The problem with This Is Me…Now is not in its bizarre theatrics. I would want to be thrown off the cliff with an audacious hour of pop extravaganza in a heartbeat. The point is that despite the promise and the mind-blowing visual effects that had me stay till the last second, there’s inherently very less that’s going on in the mix. The hummingbird metaphor, the deliberate comic relief, and the athletic dance numbers are so polished and defensive in its own accord that there’s no feeling left inside of it all. The camp and over-the-top visuals towers over the compulsion of the story told through interconnected stories.

The promise

To counter my argument, ‘This is me’… writing a review of a story that has left me questioning if I liked what I just saw and how do I explain it to the world. Thus far, I have had dreams where I know that the basic criteria is for that visual medium to evoke any sense of emotion: love, fear, sadness or even anger. If that feeling is evoked, if that story convinces me to care: I am sold. The writing gods surely can debate how to function normally with less sleeping hours. Or if I really need a life where I am not thinking or evaluating my own choices through fictional character in film(s)? But a guy has his mind firmly set on that choice and he will lead on. Write, write some more, think about writing when not writing, and watch more films.

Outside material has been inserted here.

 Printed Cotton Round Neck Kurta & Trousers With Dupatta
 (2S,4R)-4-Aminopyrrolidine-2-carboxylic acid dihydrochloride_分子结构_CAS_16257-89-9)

That is exactly the discourse that This Is Me… Now wants to underline. So, isn’t making mistakes the point? Has anyone got it figured out? Of course not! If the artist can have a Love Addicts Anonymous (LAA) for help, I can get a Films United Nostalgia (FUN) as support in times of crisis. The poignancy of that dilemma cannot be underestimated, even as the absurdist tendencies of this musical drama takes the cake. They all sing the same song of survival.